== Segment start ==

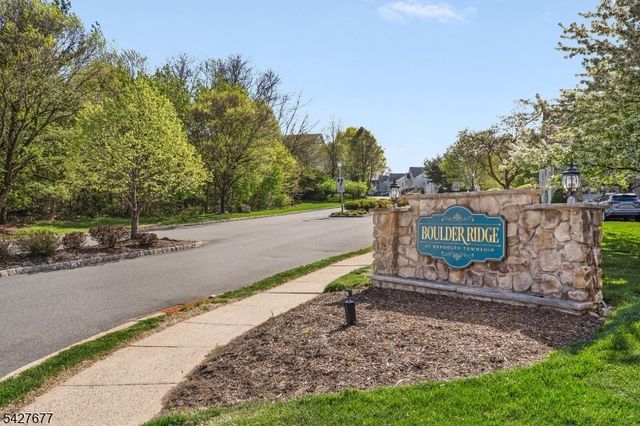 411 Boulder Ridge Dr, Randolph Twp., NJ 07869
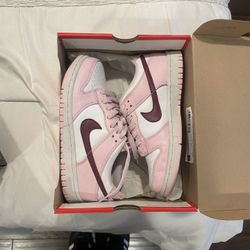 pink foam dunks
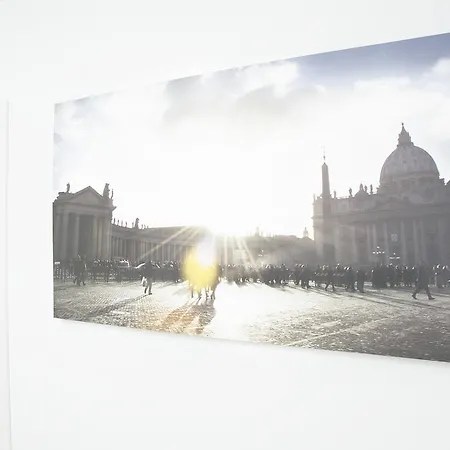 Gens Claudia, Vatican Luxury *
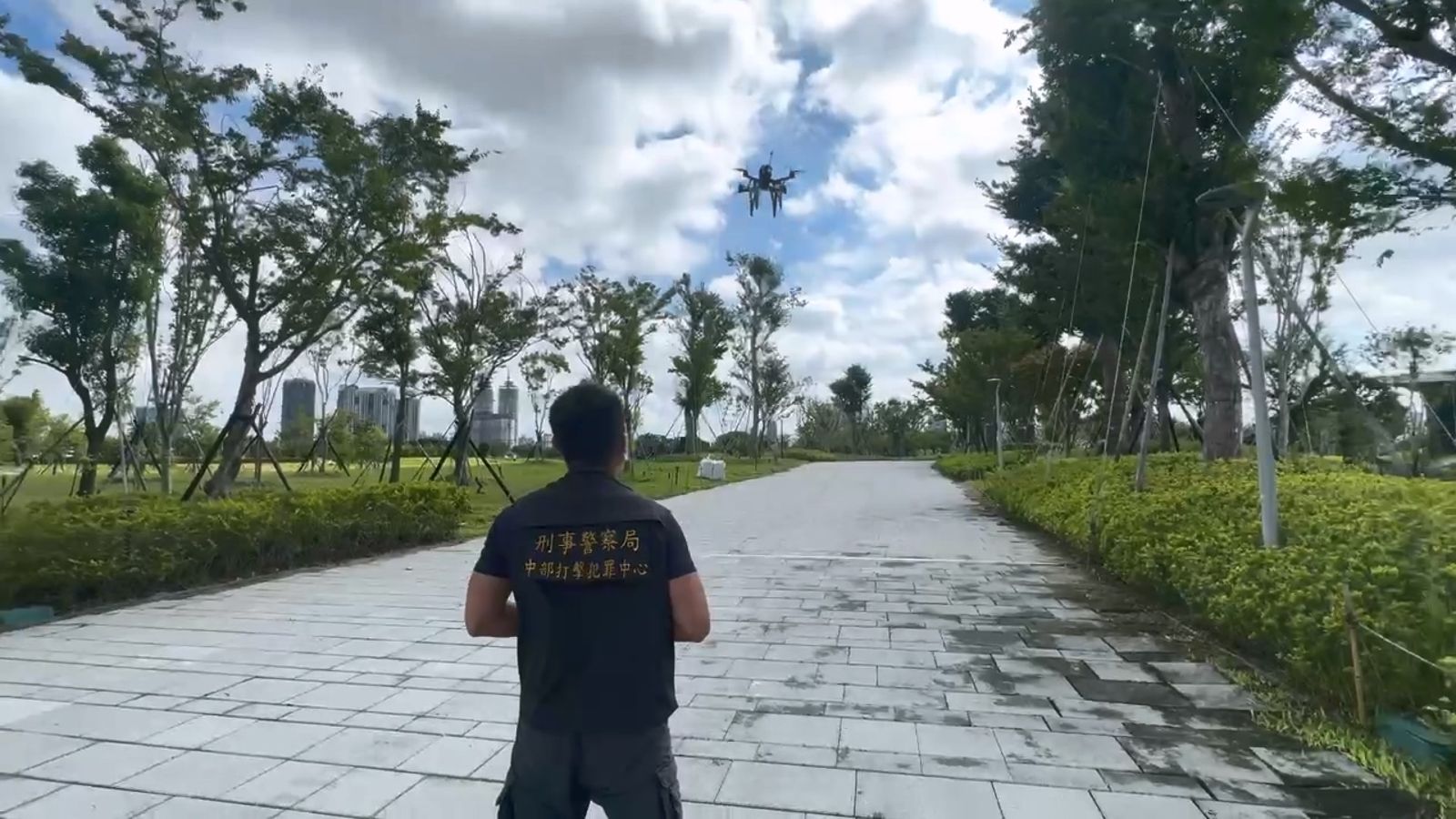 警方出動無人機協助圍捕嫌犯。AI示意圖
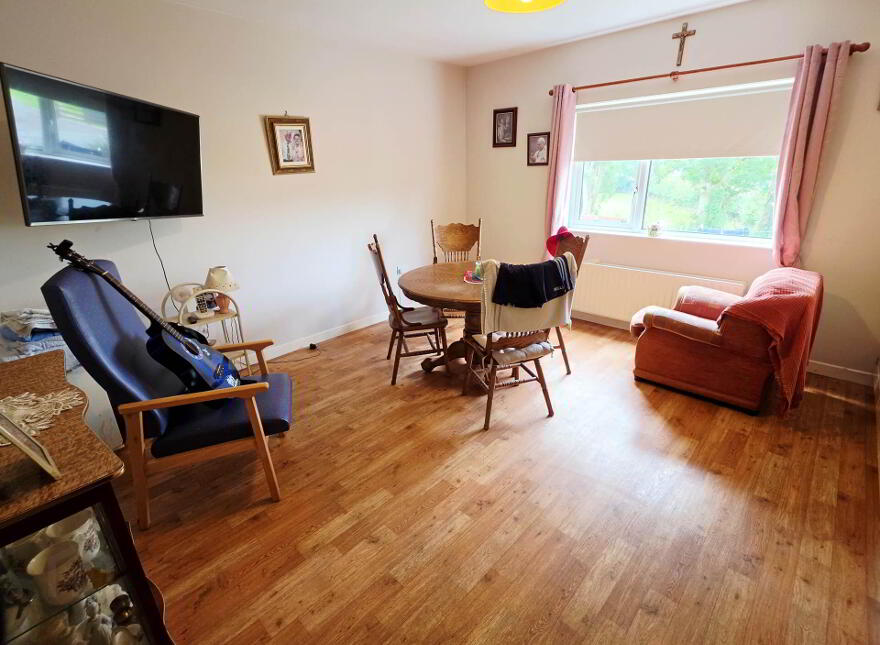 21 Harryville, Maguiresbridge, Enniskillen, BT94 4QX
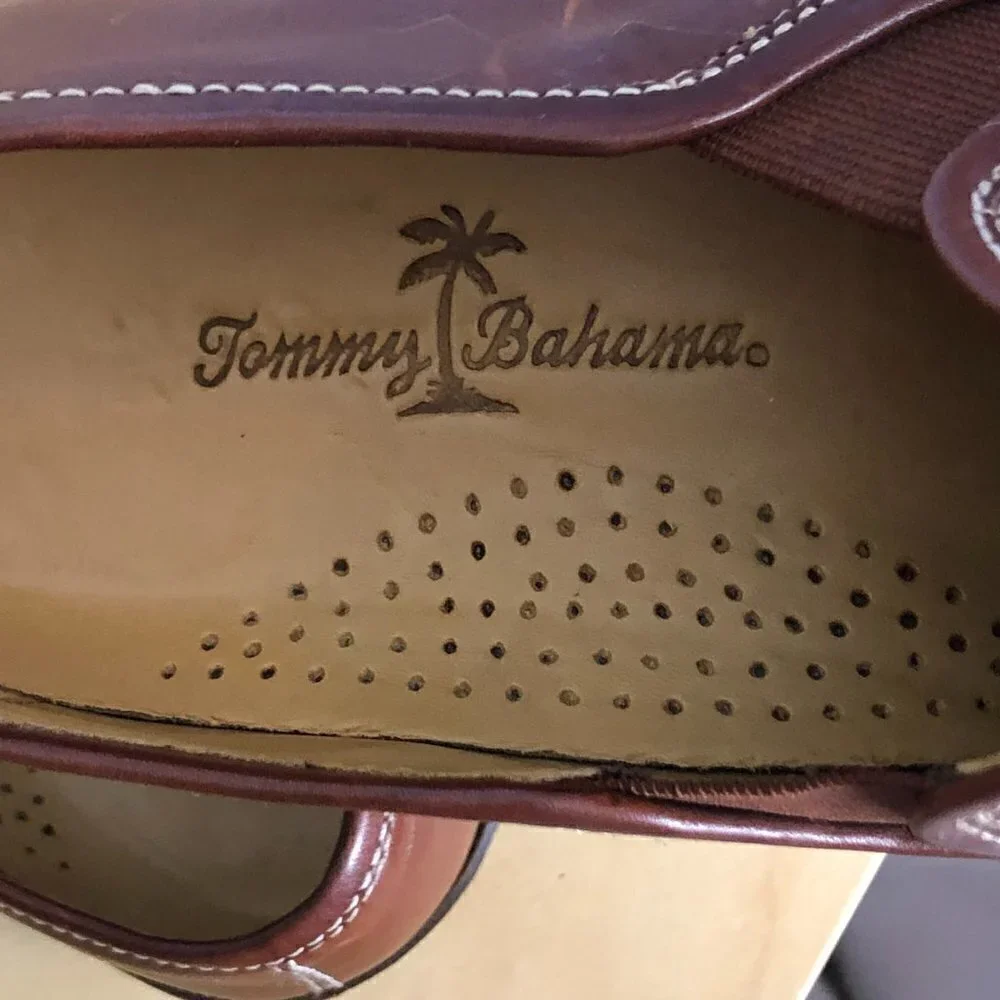 Tommy Bahama Leather Loafers Men's size 8D Brown Comfort Split Toe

== Segment end ==

**PROBLEM STATEMENT**.
Pictures are not part of the answer. Restate word for word the lines from the one with "Gens Claudia, Vatican Luxury *" through the last line of the records.

**SOLUTION TO THE PROBLEM**.
 Gens Claudia, Vatican Luxury *
 警方出動無人機協助圍捕嫌犯。AI示意圖
 21 Harryville, Maguiresbridge, Enniskillen, BT94 4QX
 Tommy Bahama Leather Loafers Men's size 8D Brown Comfort Split Toe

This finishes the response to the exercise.